5. The programme must meet real, not imagined needs. It should not reflect the political agendas of governments; nor should it be a public relations exercise for the judiciary as a whole or for those judges and others who may be running it. The governing body should have no role beyond provision of the programme. In particular, it should not make public statements other than about the programme.

6. The programme must recognize that different judges have different needs. It is unlikely that any one course will be suitable for all judges. We should not assume otherwise simply to indulge a desire to be seen to be educating as many judges as possible with the available resources.

7. The programme must also recognize that judges are people who have already achieved substantial advancement. They are well-educated and experienced. Course design and methods should recognize this. There is unlikely to be much room for formal lectures. The emphasis should be on self-teaching in small discussion groups, based on well-planned, practical problems. Courses so designed could be easily conducted at various places around the country.

8. There should be no attempt to standardize judicial approaches to problems or issues or to label any approach as "right" or "wrong", nor should there be any public comment upon the extent to which any judge, in his or her work, has complied with, or failed to comply with approaches suggested in the course of the programme.

9. We should avoid emphasis on the role of teachers in the programme, rather stressing its self-educative nature. Staff should guide discussion and encourage participation, but should not be seen as a faculty separate from the students. They should generally be experienced and respected judges. Staff should change regularly to maximize input from the whole judiciary and to avoid the institutionalization of the views of a small group.

10. Attendance must be voluntary, and performance must not be assessed in any way. There should be no course reports on individual performances.

FUNDING

Finally, let me say something about money. This could be a very elaborate or a very modest affair. Judges involved in the programme in any capacity will have to be released from other duties. This will create a need for more judges. If the programme is conducted centrally, there will be substantial travel and accommodation expenses. There will obviously be office expenses, including rent, secretarial costs and possibly the cost of a professional co-ordinator, although there may be suitable retired judges willing to act in an honorary capacity.

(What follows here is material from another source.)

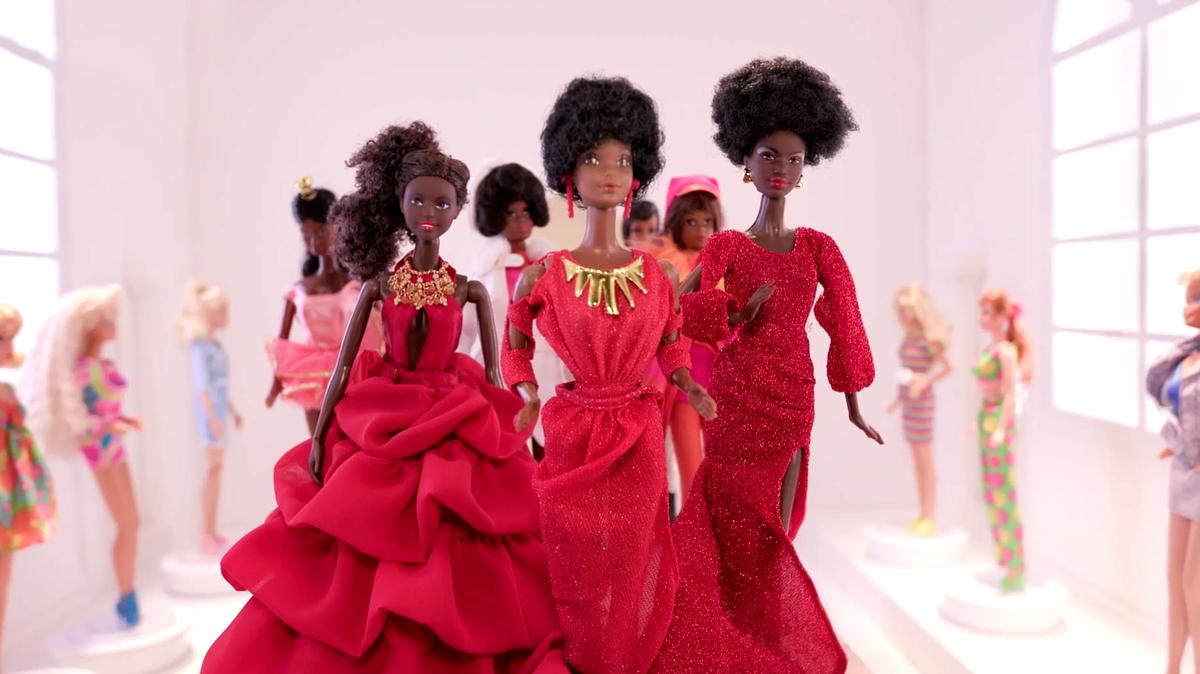 A still from ‘Black Barbie’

Once again, I stress the need to avoid empire-building.

Since writing this, it has occurred to me that the funding issue may be more sensitive and difficult than I initially imagined. Governments are not uniform in their attitudes to funding judicial education activities. I am familiar with the positions in the Supreme Court of Queensland and in the Federal Court. In the former, individual judges have, in effect, their own allowances for such activities. In the latter, there is a budgeted amount which is distributed by the Chief Justice. Presumably, other courts have similar arrangements. I suspect that relevant governments would expect courts to meet the cost of attending judicial education courses from existing resources. Such courses would therefore have to compete for support with other activities, some of which may be more attractive, particularly those involving overseas travel. It would be unfortunate, even counter-productive, if a proliferation of judicial education opportunities were to reduce support for well-established activities such as annual or biennial national conferences, AIJA activities and activities of the Judicial Conference, or travel opportunities.

CONCLUSION

In conclusion, I suggest four key characteristics for any programme of judicial education or training:-

1. The programme must meet real needs.

2. The administrative structure must be as simple as possible and as de-centralized as possible.

3. As many judges as possible must be involved at all stages.

4. The programme must be seen as an opportunity to share experiences rather than as one in which there are teachers and students.